══ DATA TO PROCESS ══
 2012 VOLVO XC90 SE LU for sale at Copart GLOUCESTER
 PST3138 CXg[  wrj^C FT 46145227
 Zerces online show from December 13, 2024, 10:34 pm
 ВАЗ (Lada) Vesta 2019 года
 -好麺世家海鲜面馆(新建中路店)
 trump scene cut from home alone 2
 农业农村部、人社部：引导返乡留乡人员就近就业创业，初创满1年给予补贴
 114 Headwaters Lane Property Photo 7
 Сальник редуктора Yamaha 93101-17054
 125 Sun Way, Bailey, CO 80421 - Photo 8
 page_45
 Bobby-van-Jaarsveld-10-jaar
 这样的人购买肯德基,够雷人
═══
══ DATA TO PROCESS ══
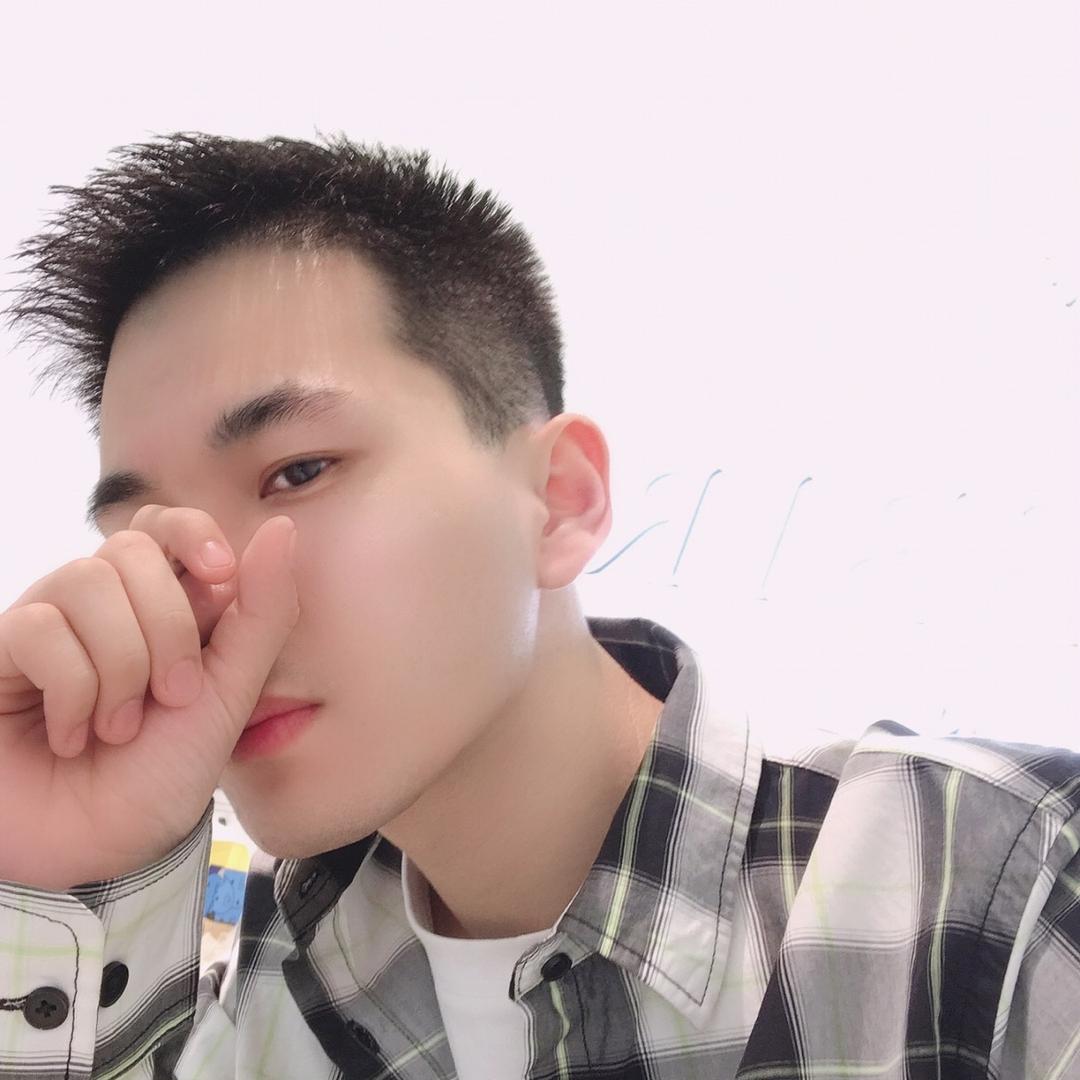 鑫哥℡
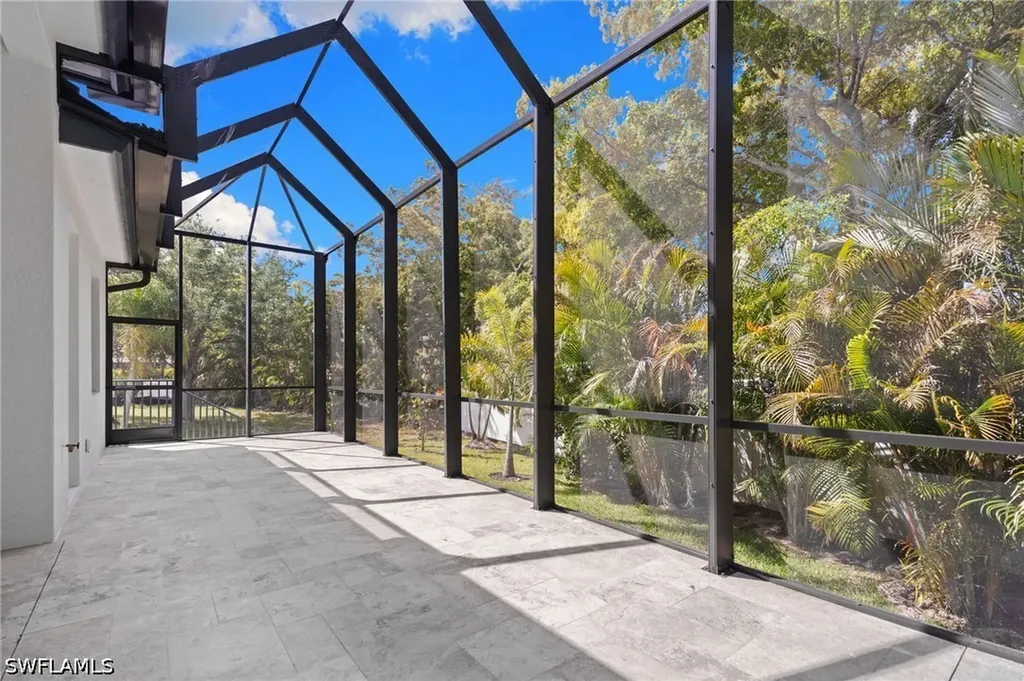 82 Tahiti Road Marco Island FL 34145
═══
══ DATA TO PROCESS ══
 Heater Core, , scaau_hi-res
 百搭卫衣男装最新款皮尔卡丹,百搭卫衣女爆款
═══
WORK ORDER:
All lines in the listing above from the line containing "2012 VOLVO XC90" to the line containing "这样的人购买肯德基,够雷人", inclusive, should be retyped exactly; no other lines should appear.

TASK SOLUTION:
 2012 VOLVO XC90 SE LU for sale at Copart GLOUCESTER
 PST3138 CXg[  wrj^C FT 46145227
 Zerces online show from December 13, 2024, 10:34 pm
 ВАЗ (Lada) Vesta 2019 года
 -好麺世家海鲜面馆(新建中路店)
 trump scene cut from home alone 2
 农业农村部、人社部：引导返乡留乡人员就近就业创业，初创满1年给予补贴
 114 Headwaters Lane Property Photo 7
 Сальник редуктора Yamaha 93101-17054
 125 Sun Way, Bailey, CO 80421 - Photo 8
 page_45
 Bobby-van-Jaarsveld-10-jaar
 这样的人购买肯德基,够雷人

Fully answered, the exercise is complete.